DATA PROVIDED:
=====

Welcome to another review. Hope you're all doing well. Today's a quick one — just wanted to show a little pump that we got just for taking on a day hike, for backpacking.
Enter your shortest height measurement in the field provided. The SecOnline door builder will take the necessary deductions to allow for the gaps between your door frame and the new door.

=====

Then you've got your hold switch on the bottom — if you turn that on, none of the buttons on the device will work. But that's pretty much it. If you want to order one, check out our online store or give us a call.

=====

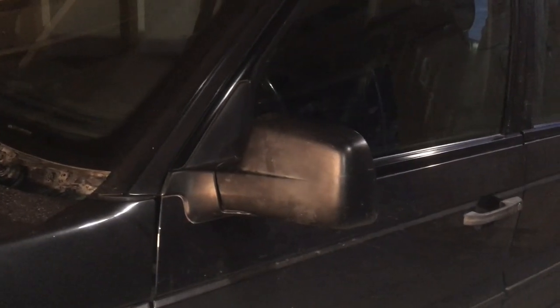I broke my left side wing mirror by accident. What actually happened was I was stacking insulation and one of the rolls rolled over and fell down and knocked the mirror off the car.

=====

TASK STATEMENT: Please report all lines in the entries where "that" appears.

EXERCISE ANSWER:
Welcome to another review. Hope you're all doing well. Today's a quick one — just wanted to show a little pump that we got just for taking on a day hike, for backpacking.
Then you've got your hold switch on the bottom — if you turn that on, none of the buttons on the device will work. But that's pretty much it. If you want to order one, check out our online store or give us a call.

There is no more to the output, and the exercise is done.